ABOUT THIS TASK:
Lines from the top of the entries down to the line with "Maison De Village" must be set down exactly as they stand, with both ends retained.

*** DATA UNDER STUDY ***

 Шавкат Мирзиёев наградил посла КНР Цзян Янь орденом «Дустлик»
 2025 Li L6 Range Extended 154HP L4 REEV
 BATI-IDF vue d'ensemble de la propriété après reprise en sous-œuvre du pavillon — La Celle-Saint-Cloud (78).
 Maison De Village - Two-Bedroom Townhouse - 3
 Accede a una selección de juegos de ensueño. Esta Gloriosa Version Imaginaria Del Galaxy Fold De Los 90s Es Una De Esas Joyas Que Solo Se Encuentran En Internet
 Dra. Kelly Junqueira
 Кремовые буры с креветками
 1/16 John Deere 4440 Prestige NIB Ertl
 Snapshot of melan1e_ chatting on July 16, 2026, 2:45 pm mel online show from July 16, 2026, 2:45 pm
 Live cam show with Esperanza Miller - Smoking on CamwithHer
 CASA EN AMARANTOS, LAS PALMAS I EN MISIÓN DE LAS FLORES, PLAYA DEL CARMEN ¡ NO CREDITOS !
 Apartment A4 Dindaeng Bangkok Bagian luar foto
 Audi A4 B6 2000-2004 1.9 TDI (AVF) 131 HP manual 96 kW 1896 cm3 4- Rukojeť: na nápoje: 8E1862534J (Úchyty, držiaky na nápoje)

*** End of DATA UNDER STUDY ***

EXERCISE RESULT:
 Шавкат Мирзиёев наградил посла КНР Цзян Янь орденом «Дустлик»
 2025 Li L6 Range Extended 154HP L4 REEV
 BATI-IDF vue d'ensemble de la propriété après reprise en sous-œuvre du pavillon — La Celle-Saint-Cloud (78).
 Maison De Village - Two-Bedroom Townhouse - 3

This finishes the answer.